Bill Henderson: Making Wood Talk
Inuit Gallery of Vancouver
Vancouver BC June 7-27, 2008
Bill Henderson (Kwakwaka'wakw), Pugwis with Kingfisher (2008), red cedar and cedar bark [Inuit Gallery of Vancouver, Vancouver BC, Jun 7-27]
Kwakwaka'wakw artist Bill Henderson began carving in 1957 at only eight years of age. He was one of seventeen children taught by his father, Sam Henderson Senior, an eminent Nak'waxda'xw Master Carver.
Henderson advances the legacy of his family and the cultural traditions of his people by actively working in the arts, visiting schools, teaching others, and hosting tours of his carving shed. He continually invents new masks, plaques, wall panels, canoes, paddles and his infamous totem poles, which range in size from two to forty-two feet tall.
In his first solo exhibit, Making Wood Talk, Henderson demonstrates his mastery of red and yellow cedar. The Inuit Gallery is exhibiting pieces created in his instantly recognizable style, including a transformation mask, a totem pole, a talking stick and many other extraordinary masks. His captivating works are created with traditional tools that he makes himself.

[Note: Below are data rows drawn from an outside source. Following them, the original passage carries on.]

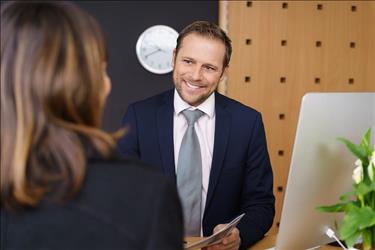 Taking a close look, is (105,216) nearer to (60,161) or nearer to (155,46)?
(60,161)

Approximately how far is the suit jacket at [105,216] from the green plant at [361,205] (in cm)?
70

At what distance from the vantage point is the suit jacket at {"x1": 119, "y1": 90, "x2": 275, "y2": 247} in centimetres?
253

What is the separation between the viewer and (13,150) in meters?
1.05

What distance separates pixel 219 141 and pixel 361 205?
968 mm

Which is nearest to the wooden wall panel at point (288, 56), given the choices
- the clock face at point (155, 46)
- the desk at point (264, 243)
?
the clock face at point (155, 46)

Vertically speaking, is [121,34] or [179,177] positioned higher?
[121,34]

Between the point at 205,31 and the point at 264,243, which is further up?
the point at 205,31

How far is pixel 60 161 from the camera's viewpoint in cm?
104

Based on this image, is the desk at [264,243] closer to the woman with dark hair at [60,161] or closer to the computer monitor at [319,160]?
the computer monitor at [319,160]

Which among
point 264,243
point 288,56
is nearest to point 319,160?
point 264,243

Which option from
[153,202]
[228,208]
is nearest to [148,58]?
[228,208]

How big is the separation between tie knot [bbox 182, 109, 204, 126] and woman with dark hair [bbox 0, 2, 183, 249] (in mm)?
1480

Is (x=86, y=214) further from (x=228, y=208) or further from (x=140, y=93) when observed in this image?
(x=140, y=93)

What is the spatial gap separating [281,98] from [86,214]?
3.67 meters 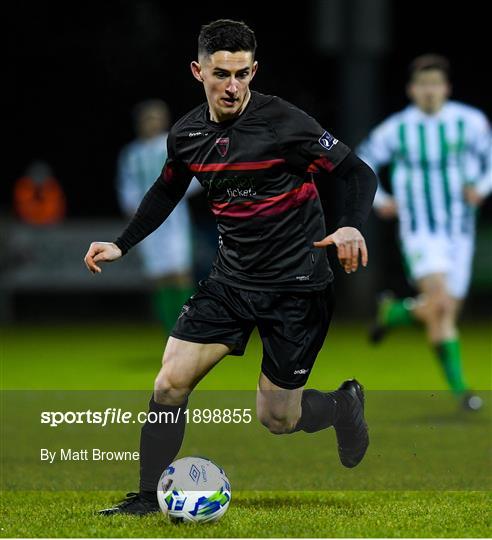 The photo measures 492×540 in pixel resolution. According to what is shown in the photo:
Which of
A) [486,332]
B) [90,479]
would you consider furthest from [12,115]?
[90,479]

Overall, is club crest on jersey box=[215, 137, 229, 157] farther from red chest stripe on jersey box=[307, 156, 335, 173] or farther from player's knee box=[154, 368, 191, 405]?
player's knee box=[154, 368, 191, 405]

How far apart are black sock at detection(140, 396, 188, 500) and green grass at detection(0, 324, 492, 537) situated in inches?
6.8

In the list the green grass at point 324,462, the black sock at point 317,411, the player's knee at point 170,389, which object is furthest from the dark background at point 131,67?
the player's knee at point 170,389

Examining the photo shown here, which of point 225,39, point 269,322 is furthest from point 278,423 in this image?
point 225,39

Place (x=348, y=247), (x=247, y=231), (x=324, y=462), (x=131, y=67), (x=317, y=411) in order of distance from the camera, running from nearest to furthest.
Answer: (x=348, y=247) → (x=247, y=231) → (x=317, y=411) → (x=324, y=462) → (x=131, y=67)

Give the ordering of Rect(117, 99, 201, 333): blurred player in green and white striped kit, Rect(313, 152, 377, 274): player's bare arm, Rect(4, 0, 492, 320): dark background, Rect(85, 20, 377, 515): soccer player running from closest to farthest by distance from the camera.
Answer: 1. Rect(313, 152, 377, 274): player's bare arm
2. Rect(85, 20, 377, 515): soccer player running
3. Rect(117, 99, 201, 333): blurred player in green and white striped kit
4. Rect(4, 0, 492, 320): dark background

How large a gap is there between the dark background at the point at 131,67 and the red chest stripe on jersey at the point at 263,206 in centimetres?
1439

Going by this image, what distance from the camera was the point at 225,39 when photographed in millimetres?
4957

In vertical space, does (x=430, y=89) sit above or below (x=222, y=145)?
above

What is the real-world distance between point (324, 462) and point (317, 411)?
696 mm

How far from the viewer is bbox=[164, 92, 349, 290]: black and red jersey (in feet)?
16.6

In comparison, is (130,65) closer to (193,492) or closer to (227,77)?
(227,77)

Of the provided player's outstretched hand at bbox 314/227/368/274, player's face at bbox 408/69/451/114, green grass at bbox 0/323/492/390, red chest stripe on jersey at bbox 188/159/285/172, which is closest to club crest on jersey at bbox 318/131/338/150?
red chest stripe on jersey at bbox 188/159/285/172

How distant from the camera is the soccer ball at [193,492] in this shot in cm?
469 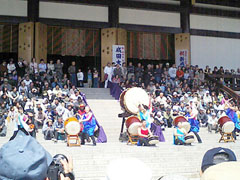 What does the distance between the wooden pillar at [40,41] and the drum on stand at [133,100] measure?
7.20 m

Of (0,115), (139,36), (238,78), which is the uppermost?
(139,36)

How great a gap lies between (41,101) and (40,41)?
15.7 ft

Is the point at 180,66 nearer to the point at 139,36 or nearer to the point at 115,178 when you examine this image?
the point at 139,36

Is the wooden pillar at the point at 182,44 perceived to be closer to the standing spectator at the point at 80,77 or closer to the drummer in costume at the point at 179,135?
the standing spectator at the point at 80,77

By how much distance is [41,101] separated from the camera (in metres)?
14.1

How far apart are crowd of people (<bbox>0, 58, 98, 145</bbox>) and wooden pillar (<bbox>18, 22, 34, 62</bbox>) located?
38.9 inches

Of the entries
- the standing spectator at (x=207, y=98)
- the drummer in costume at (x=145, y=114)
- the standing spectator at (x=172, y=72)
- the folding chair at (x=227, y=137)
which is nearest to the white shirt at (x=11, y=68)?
the drummer in costume at (x=145, y=114)

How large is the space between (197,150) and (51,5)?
11.3m

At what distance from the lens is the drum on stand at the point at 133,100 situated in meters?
11.8

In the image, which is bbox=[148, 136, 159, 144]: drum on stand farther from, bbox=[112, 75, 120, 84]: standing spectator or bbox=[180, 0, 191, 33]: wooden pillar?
bbox=[180, 0, 191, 33]: wooden pillar

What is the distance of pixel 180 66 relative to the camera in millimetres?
19406

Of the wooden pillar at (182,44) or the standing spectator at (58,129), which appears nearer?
the standing spectator at (58,129)

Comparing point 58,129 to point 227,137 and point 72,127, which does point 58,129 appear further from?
point 227,137

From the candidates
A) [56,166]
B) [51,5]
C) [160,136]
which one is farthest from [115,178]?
[51,5] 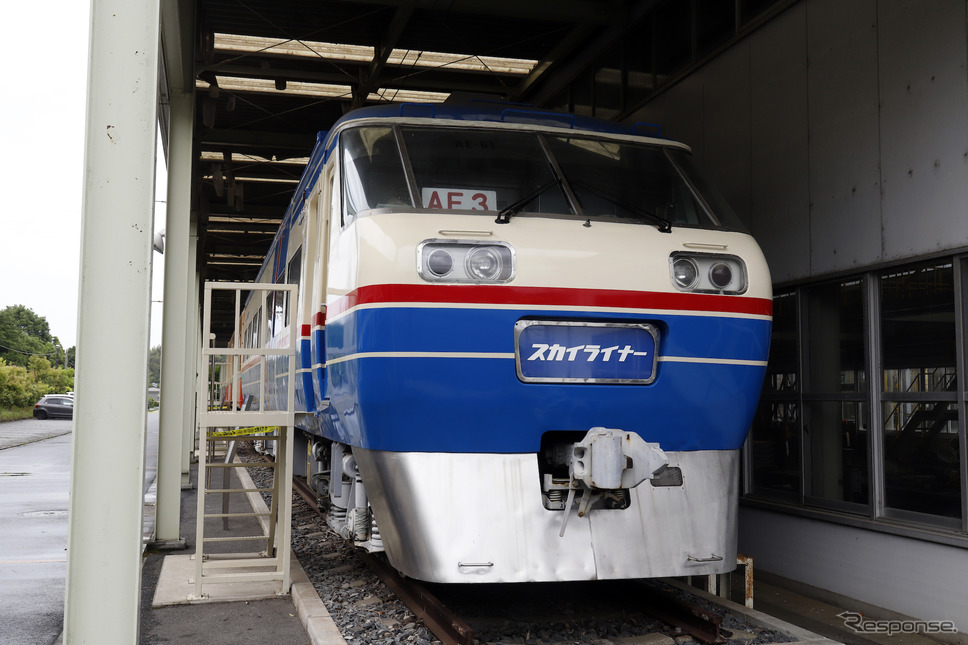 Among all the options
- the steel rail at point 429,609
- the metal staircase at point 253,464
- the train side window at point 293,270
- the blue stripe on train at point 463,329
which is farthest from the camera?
the train side window at point 293,270

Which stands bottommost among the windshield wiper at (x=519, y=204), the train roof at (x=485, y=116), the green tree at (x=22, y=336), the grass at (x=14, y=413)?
the grass at (x=14, y=413)

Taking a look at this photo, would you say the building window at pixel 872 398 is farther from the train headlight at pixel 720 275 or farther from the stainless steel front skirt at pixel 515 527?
the stainless steel front skirt at pixel 515 527

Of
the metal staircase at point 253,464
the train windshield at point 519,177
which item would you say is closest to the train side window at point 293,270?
the metal staircase at point 253,464

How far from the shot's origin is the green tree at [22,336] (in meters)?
68.6

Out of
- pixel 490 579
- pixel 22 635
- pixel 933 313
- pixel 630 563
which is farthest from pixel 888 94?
pixel 22 635

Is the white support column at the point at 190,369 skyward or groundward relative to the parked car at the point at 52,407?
skyward

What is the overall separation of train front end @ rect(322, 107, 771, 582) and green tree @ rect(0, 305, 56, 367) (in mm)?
63632

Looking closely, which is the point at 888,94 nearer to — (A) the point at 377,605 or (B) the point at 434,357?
(B) the point at 434,357

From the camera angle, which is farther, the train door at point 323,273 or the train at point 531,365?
the train door at point 323,273

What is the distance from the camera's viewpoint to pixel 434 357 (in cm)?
470

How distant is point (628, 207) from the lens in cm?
544

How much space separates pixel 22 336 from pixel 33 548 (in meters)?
77.4

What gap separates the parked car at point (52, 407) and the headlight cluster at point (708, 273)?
47.0 meters

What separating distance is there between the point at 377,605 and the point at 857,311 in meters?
4.26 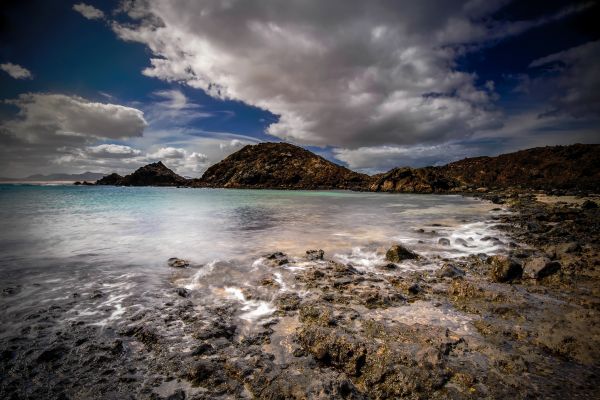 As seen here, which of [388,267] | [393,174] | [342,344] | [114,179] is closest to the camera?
[342,344]

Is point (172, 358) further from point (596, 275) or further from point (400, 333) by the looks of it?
point (596, 275)

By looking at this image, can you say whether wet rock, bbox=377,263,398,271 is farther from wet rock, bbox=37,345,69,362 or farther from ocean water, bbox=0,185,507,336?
wet rock, bbox=37,345,69,362

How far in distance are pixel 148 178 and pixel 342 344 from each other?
154m

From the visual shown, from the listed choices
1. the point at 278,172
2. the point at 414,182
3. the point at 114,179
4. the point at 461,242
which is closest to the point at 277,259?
the point at 461,242

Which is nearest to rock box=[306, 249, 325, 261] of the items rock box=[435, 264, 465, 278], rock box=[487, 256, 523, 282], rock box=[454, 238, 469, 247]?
rock box=[435, 264, 465, 278]

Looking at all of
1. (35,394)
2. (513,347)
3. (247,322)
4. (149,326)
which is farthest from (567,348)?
(35,394)

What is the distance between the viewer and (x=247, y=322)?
16.5 feet

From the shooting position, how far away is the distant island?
6488 centimetres

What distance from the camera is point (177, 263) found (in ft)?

Bill Henderson was initiated into the sacred Hamatsa society in 1983. The Hamatsa or "Cannibal Dancers" induct only the highest-ranking Kwakiutl. Henderson has also been instrumental in reviving the potlatch, a celebration involving displays of family wealth through feasting, dancing, storytelling, and gift-giving with dancers often wearing masks created by Henderson. As a result, he is considered a vital contributor to the renaissance of the Northwest Coast communities. His artwork is featured in prestigious galleries throughout North America, Japan, France, England and Germany.